这位父亲找相关的老师谈过此事,不过为了保险起见,他还是悄悄地把这次谈话给录了下来,一来没有他人在场,怕老师会否认这次谈话,二来虽然老师说会妥善处理此事,但他对此心存怀疑。他在儿子的书包中藏了一支录音笔,悄悄记录了补习班的情况,结果发现事情真的没有被“妥善处理”。但幸好之后儿子转到了其他班级,欺凌也就不了了之。不过这位父亲并不后悔自己做了隐秘录音一事。
2011年10月,日本滋贺县大津市一位初二男生因不堪同学的欺凌与虐待,跳楼自杀,但事后无论是实施欺凌的学生还是校方、当地教育委员会,都是消极对抗甚至矢口否认。这位父亲正是担心自己的孩子也会遭遇这样的事情。父母担心孩子,但又不可能总守护在他身边,而从隐秘录音中他们却能掌握很多原本不可能得到的信息。

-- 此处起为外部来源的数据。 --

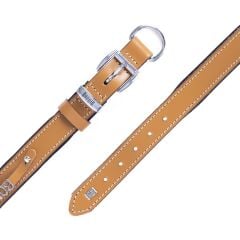 Doggie Konforlu Gerçek Deriden El Yapımı İsimlikli Köpek Boyun Tasması 3x42-50cm - Camel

像这样孩子遭到同学欺凌,家长们为“收集证据”而隐秘录音的例子并不少。一位家住东京都的母亲也在自己读初二的女儿的铅笔盒中放入了录音笔,虽然女儿现在并未遭到欺凌,但这样做也是以防万一。据这位母亲回忆,其实女儿在小学时就被同学言语攻击,被对方说成“丑八怪”、“老土”。虽然事后向班主任反映,但班主任却表示那几个学生否认了此事。如果能录下当时的情景,欺凌者们就无法狡辩。
今年四月,东京都调布市立小学的一位中年女教师屡次恶言辱骂她所教的二年级学生,多亏家长预先给孩子准备了录音笔,录下了上课时的情景,事件才得以曝光。虽然当事人没有受到很严厉的处罚,但至少被调离了工作岗位,这名问题教师暂时无法再毒害孩子们了。
明治大学文学部的内藤朝雄教授对欺凌问题颇有研究,他认为学校和教室本为开放的公共场所,市民们、家长们有权了解在这里发生的事情。给孩子带上录音设备是一种正当的自卫手段,其道理就等同于在治安不好的地区在自家门前安装监控探头。同时,录音也是在警告那些加害者:“我有证据,若我告上法庭,你可能会败诉。”
脸谱网曾于2013年8月在网上进行了为期11天的在线调查,对于“在学校欺凌问题上是否应使用隐秘录音收集证据”,在70225份投票中,有55659票(占总数的79.3%)支持。
除了学校,连家庭这种非正式非公开的场合也出现了隐秘录音的身影。千叶县一位60岁的女性从儿子那里得到了一支录音笔,同时儿子还对她说“妈妈,请你稍微注意点吧”。这位女性一听录音才发现是自己和儿媳妇在厨房的对话,自己不过在某些厨具的使用问题上对儿媳说了些不中听的话,便被儿媳悄悄录了下来。儿媳以“受婆婆欺负”为由将录音给了丈夫。事后这位女性感叹,虽然自己说的话确实有些刺耳,但也犯不着录下来给儿子听啊。自从这件事之后,自己不但和儿媳,就连和儿子的关系都变得有些尴尬了。她想,如果这是一个没有录音笔的时代,那该多好……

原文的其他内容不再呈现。